Work request
For the listing below, output exactly the lines from the line with "206 North Main" up to and including the line with "114 E 2nd Avenue, Denver, CO 80203", and no other lines.

Exercise data
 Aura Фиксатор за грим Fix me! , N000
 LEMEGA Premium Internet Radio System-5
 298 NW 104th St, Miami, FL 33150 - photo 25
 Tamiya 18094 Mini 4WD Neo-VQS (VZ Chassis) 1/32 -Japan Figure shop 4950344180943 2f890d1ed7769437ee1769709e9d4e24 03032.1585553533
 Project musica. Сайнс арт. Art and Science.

==

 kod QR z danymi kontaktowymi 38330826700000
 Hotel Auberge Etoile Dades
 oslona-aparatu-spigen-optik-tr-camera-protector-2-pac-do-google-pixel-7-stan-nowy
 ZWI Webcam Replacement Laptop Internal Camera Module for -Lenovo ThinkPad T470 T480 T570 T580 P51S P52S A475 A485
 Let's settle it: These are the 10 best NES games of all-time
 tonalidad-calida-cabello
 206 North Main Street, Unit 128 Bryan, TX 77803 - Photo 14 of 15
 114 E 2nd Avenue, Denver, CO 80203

---

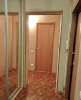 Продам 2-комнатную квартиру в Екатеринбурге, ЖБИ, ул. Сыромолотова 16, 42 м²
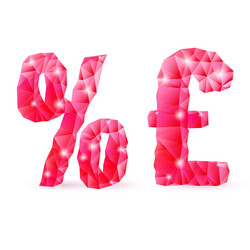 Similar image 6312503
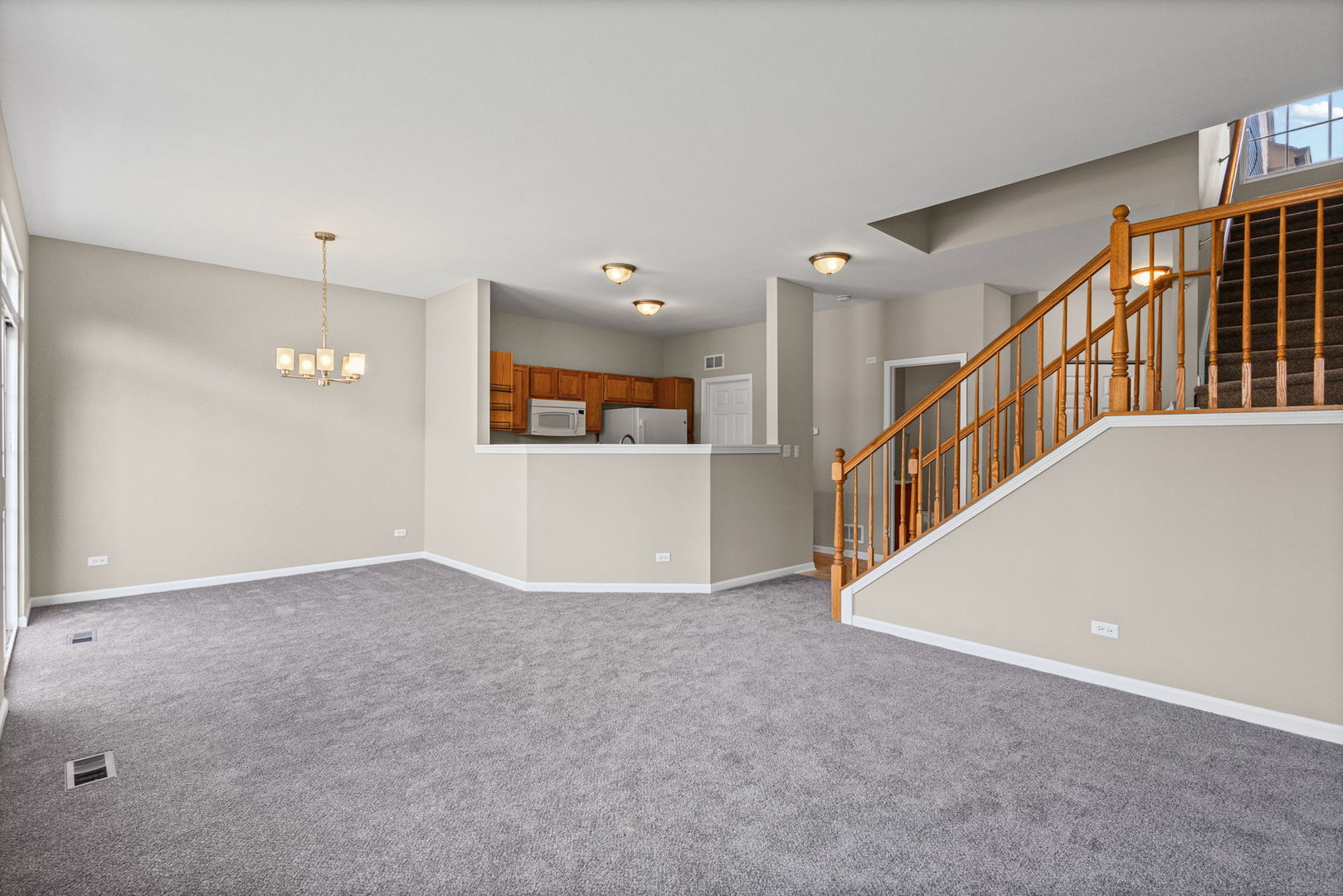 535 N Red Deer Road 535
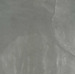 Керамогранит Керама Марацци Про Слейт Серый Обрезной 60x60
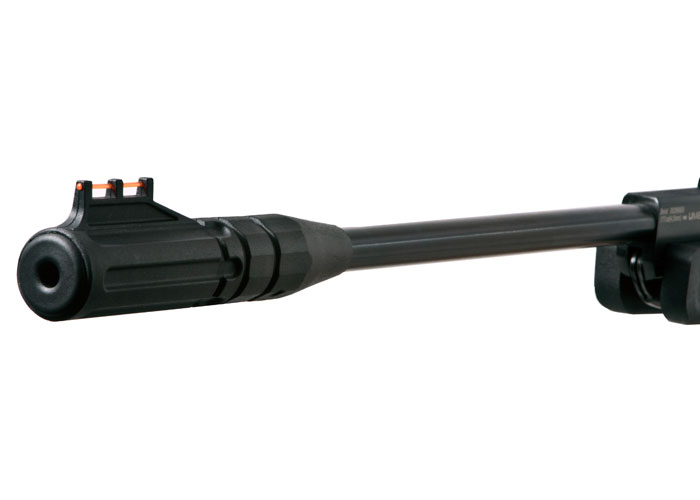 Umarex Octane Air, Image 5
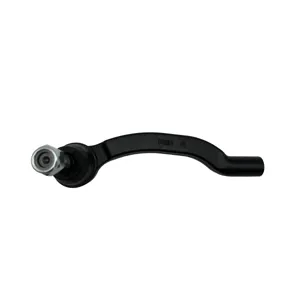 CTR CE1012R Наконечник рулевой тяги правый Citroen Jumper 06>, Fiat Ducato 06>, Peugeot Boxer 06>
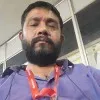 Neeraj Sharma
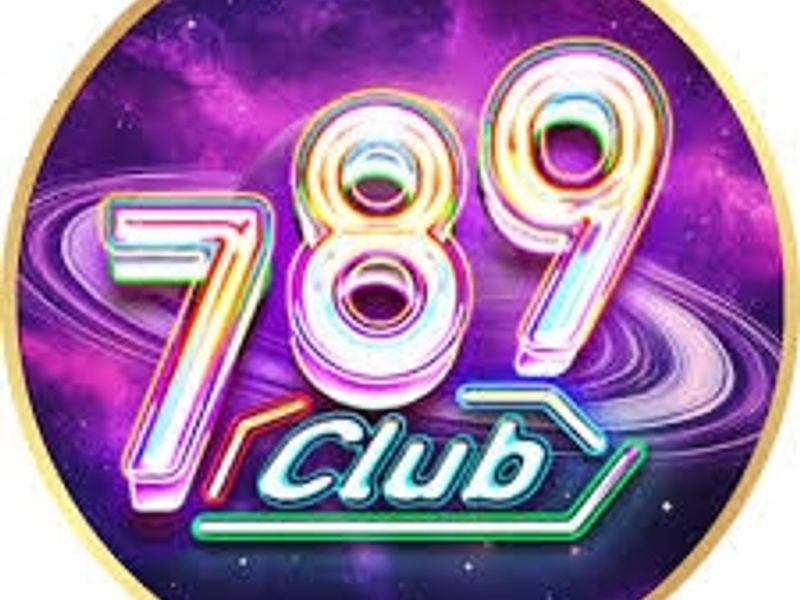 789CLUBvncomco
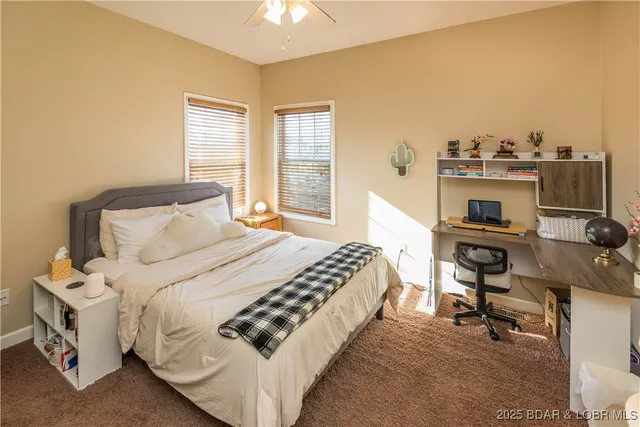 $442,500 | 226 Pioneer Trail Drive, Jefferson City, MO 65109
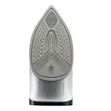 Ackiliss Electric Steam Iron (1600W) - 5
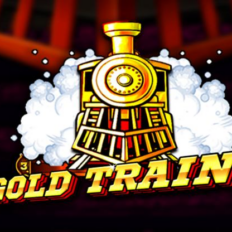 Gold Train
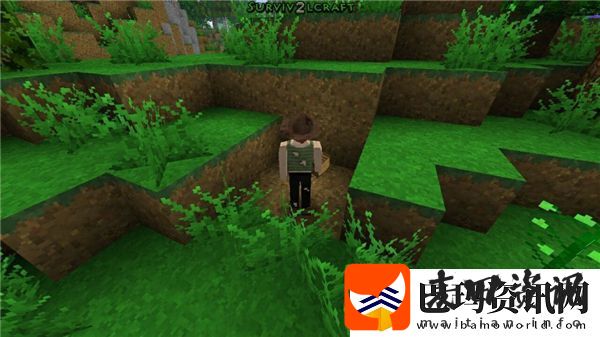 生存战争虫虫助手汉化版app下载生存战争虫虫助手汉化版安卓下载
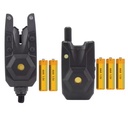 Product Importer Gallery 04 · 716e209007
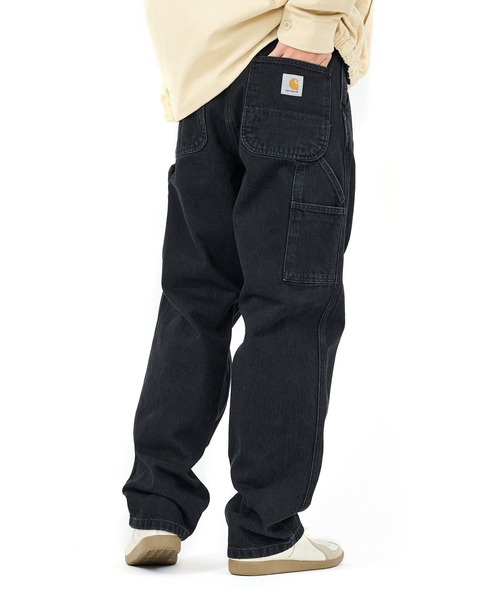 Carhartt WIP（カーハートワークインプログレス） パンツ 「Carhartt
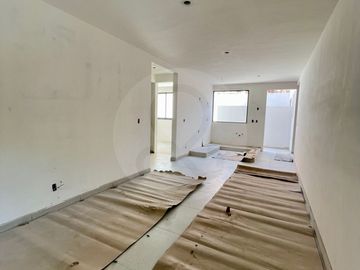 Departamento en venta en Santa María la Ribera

Answer space
 206 North Main Street, Unit 128 Bryan, TX 77803 - Photo 14 of 15
 114 E 2nd Avenue, Denver, CO 80203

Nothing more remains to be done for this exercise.